Austin announces Ukrainian forces to begin training on US Abrams tanks next month
As many as 250 Ukrainians will attend a 10-week course in Germany.
Defense Secretary Lloyd Austin announced Friday that the U.S. will begin training Ukrainian forces on American-made Abrams tanks in the coming weeks.
"The M1s that the Ukrainians will use for training will arrive here in Germany in the next few weeks," Austin said, speaking at a press conference following a meeting of the Ukraine Defense Contact Group at Ramstein Air Base, Germany.
Thirty-one Abrams M1A1s will arrive at a training area in Grafenwoehr, Germany, in mid to late May, with up to 250 Ukrainian troops beginning a 10-week course there soon after, according to U.S. officials. Follow-on maneuver training might also be done on a different base in Germany.
"I do think the M1 tank, when it is delivered, will make a difference," said Gen. Mark Milley, chairman of the Joint Chiefs of Staff, speaking beside Austin.
"But I would also caution there's no silver bullet in war," he added.
In March, after consultation with Kyiv, Pentagon officials announced a plan to dramatically speed delivery of the 31 tanks the U.S. had committed to Ukraine by refurbishing older models instead of building new ones from scratch, which was the original plan. Building new M1A2 Abrams could have taken years, according to defense officials.
Milley clarified that the 31 tanks heading to Germany are training models not suitable for combat.
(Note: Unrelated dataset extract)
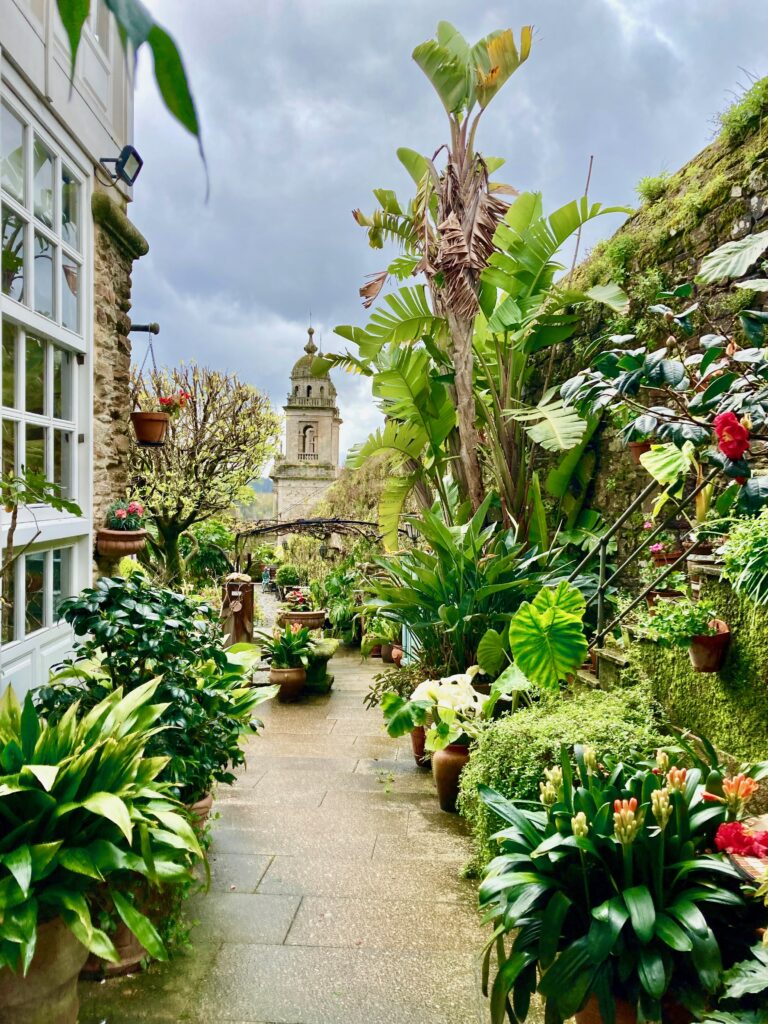 Costa Vella, c’est un café-jardin niché au coeur de la vieille ville de Santiago : une oasis pour les pèlerins après un si long chemin …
The training will be conducted as the U.S. refurbishes another set of 31 Abrams M1A1 tanks to send to the battlefield, which are expected to arrive on the battlefield this fall.
Roughly 8,800 Ukrainians have already completed various types of military instruction in Germany, with thousands more training now.
“In Germany, approximately 2,250 Ukrainian Soldiers – four motorized infantry battalions – continue to conduct combined arms training at Grafenwoehr and/or Hohenfels training areas. An additional approximately 250 are currently conducting platform training and staff training," said Col. Martin O’Donnell, spokesman for U.S. Army Europe and Africa.